Annex - Acceptance Criteria Annex - Pricing and Payment Annex - Service Implementation / Customization Annex - Rollout Schedule Annex - Service Level Agreement (SLA) Annex - Performance Reports Annex - Terms and Conditions for end users

All annexes are, if agreed between both parties and amended an integral part of this License and prevail - if they contain different rules - over the License.

(4) Exclusions and Limitations

(4.1.) The Contractor has no ability to regulate the accuracy of, and makes no claim to accuracy, the information provided by the API Client for/in the provision of Services by the Contractor.

(4.2.) The Contractor offers and provides the Services to the API Client and to the API Client’s end user(s) through the API Client Systems, which is not owned, operated nor managed by the Contractor. The API Client’s use of the Services is solely at API Client’s own risk and is subject to all applicable local, state, national and international laws and regulations.

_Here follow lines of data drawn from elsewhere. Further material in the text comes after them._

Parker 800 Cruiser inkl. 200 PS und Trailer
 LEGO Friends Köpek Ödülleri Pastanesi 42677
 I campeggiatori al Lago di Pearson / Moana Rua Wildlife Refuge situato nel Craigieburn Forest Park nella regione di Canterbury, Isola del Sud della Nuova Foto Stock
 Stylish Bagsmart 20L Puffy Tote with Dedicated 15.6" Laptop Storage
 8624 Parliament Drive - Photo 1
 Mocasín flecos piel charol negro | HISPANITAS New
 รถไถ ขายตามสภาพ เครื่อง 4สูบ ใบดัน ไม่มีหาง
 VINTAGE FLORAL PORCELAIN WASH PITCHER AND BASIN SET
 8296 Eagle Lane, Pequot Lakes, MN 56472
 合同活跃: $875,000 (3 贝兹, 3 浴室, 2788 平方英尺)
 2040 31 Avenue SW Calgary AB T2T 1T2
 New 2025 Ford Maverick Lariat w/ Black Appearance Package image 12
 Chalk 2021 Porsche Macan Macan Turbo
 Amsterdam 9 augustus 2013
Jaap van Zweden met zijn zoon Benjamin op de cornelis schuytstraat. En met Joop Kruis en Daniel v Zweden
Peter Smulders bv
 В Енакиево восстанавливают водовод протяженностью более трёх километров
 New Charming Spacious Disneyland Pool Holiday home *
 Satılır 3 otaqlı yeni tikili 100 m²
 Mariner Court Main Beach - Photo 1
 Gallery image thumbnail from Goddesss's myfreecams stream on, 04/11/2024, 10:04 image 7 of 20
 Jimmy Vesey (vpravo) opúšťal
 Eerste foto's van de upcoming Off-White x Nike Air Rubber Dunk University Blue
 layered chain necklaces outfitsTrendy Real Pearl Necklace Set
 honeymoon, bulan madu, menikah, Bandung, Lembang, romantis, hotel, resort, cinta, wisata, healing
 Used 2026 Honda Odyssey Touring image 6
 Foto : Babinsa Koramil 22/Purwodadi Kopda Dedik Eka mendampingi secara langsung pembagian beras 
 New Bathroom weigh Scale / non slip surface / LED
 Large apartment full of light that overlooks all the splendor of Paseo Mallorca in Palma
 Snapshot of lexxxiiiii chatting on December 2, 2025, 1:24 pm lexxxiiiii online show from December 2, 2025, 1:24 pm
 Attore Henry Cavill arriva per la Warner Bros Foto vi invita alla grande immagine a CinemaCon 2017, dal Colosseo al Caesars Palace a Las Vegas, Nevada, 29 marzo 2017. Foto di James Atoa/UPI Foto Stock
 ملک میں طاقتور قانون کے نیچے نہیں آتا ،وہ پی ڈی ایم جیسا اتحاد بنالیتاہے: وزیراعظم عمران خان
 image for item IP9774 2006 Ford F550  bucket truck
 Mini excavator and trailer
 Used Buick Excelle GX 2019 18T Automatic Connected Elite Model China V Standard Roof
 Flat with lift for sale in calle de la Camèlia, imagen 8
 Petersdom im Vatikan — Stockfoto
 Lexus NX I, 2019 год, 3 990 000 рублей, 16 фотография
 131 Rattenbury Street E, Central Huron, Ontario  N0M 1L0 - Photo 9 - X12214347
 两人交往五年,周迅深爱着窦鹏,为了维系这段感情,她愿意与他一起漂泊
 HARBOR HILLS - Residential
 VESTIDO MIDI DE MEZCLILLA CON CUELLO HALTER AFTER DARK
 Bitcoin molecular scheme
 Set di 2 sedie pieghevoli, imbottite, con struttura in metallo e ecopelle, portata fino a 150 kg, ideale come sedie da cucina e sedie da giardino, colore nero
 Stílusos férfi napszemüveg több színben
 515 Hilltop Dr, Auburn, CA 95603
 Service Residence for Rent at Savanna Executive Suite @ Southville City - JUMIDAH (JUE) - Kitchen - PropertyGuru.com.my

(4.3.) The Parties acknowledge that the provision of the Automated Check-in services operated through the Internet on the API Client Systems, has access to the Internet and therefore is dependent on numerous factors, technologies and systems, which are beyond the Contractor’s authority and control.

(4.4.) The Automated Check-in service is subject to the availability and support by the relevant airline and/or airport systems and integrations of the Contractor’s servers and processing infrastructures. See also “SDW Service” under clause 6.3.3.

(4.5.) The Contractor shall hold no responsibility nor liability in relation to the API Client and the end user(s) for an unsuccessful provision of the Services when:

(4.5.a.) The relevant airlines, airports and/or authorities of any kind deny the end user(s) flight check-in;

(4.5.b.) Any of the data provided to the Contractor is inaccurate, incomplete, false or not provided in due time;

(4.5.c.) The airline and/or airport system suffers from an outage or shutdown, preventing the Contractor from the proper and agreed provision of the Services;

(4.5.d.) During the check-in, the preferred seat marked by the end user(s) has been unavailable;

(4.6.) The Contractor shall hold neither responsibility nor liability in relation to the API Client or any other third Party when the API Client’s end user(s) turns out to be a terrorist, hijacks any plane or person, carries out a bomb into the airport or airplane or any other explosive device or conducts any other illegal or unauthorised action.

(4.7.) Whenever a API Client’s end user(s) has voided an authorization for payment or the payment itself to API Client related with the provision of Automated Check-in service to the end user(s), the API Client shall not in any way be released from the payment to the Contractor in accordance with the agreed pricing.

(5) API Client undertakings

(5.1.) During the provision of the Services, and complementary to clause 5 of the MSA, API Client undertakes to:

(5.1.a.) Provide in due time and form to the Contractor any and all end user(s) data needed for the execution of the Services;

(5.1.b.) Obtain all needed authorizations from the end user(s), including the authorization to transfer their personal data to the Contractor for all purposes included in the provision of the Automated Check-in, included but not limited to, the Contractor’s right to represent the API Client before any relevant authorities and other entities required for the proper performance of the check-in and/or booked flight (such as airlines, airports, immigration and customs authorities, etc…);

(5.1.c.) Collect, where applicable, a payment from his own customers for the Services.

(5.1.d.) When the API Client offers or provides the Services provided by the Contractor under this License, the API Client shall announce such service always as “powered by [commercial name of product or service]”. According logo and design will be provided by the Contractor and may change over time.

(5.1.e.) Duly document on the Contractor’s request where, when and how the Services are being or have been offered incl. if not to end user(s);

(5.1.f.) The API Client will not access or use the Contractor’s Services in a way, intended or unintended, to avoid incurring fees or to exceed the agreed scope of the Services;

(5.1.g.) The API Client will not share passwords or other access information or devices or otherwise authorize any third party, to access or use the Services;

(5.1.h.) The API Client will obtain, at its own expense, all rights necessary from any third party needed for the proper performance of the Services by the Contractor.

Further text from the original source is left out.